How do these look. I upped the contrast a little.


----------



## cpolaris502 (Aug 5, 2010)

Much better than the first. Good job on the HDR part of it, the pictures themselves are a little boring for me though.


----------



## guzziknight (Aug 6, 2010)

Thanks, unfortunately, they are very restrictive on where you can take pictures. Also, they only allow visitors from 9am-6pm, so the lighting will pretty much suck all the time. I had to do what I could with what was there, and my limited time.


----------



## ann (Aug 6, 2010)

this building is white, or at least the last time i saw it , it was white. What happened?

also on monitor they are not sharp. handholding for HDR is not really a good idea imho.


----------



## guzziknight (Aug 6, 2010)

You are correct, the building is white. I'm sure the color has something to do with the HDR. I'm still figuring it out. 

I didn't have my tripod, and since they are so strict on the rules, I wasn't sure I could use it anyway. I know that handholding's not the best way to go, but it works in a pinch.


----------



## ann (Aug 6, 2010)

ah, no tripods, allowed then.

i have been meaning to go over there one day and see what i could come up. I have had several students who have tried some night photos there.

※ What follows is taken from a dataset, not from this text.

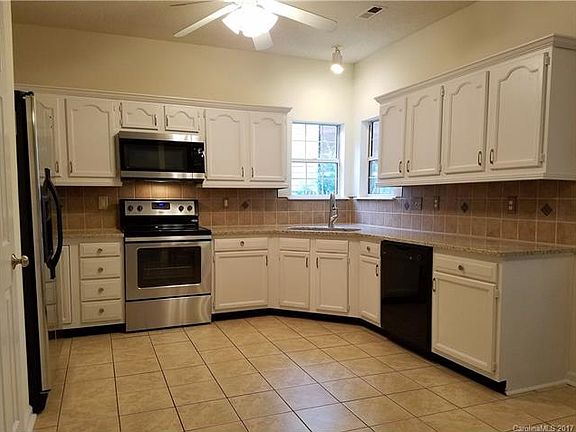 4th image of 7207 Scarlet Runner Dr #64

how many images, and what was the white balance set on, that may have influenced the color?


----------



## guzziknight (Aug 6, 2010)

Actually, I don't know if tripods are allowed. I just didn't use it.

White balance was on auto, three exposures. Did Auto Exposure Bracket, -1-0-+1. Used High Speed Drive to take all three shots in one go so there would be little to no movement.

I'd love to do some night shots there, but the close at 6, so it would have to be in winter.


----------



## ann (Aug 6, 2010)

i thought perhaps the white balance was on shady.


----------